§ **Try it**
In the entries below, find the line with "现货 广州从化荔枝新鲜桂味小核荔枝现发纯甜多汁生鲜 2000g 实惠装" and the line with "Строение внутренней мембраны". Return those two lines and all lines between them, exactly.

START Task input

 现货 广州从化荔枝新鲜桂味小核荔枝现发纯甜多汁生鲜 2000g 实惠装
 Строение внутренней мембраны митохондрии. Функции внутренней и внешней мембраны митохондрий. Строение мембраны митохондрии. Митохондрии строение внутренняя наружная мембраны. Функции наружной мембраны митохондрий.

END Task input
START Task input

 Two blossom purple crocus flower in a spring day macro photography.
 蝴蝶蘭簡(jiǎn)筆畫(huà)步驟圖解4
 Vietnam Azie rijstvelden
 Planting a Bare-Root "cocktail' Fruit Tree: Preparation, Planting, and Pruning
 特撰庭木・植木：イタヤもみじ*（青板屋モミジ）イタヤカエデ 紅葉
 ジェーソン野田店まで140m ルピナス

END Task input

§ **Task response**
 现货 广州从化荔枝新鲜桂味小核荔枝现发纯甜多汁生鲜 2000g 实惠装
 Строение внутренней мембраны митохондрии. Функции внутренней и внешней мембраны митохондрий. Строение мембраны митохондрии. Митохондрии строение внутренняя наружная мембраны. Функции наружной мембраны митохондрий.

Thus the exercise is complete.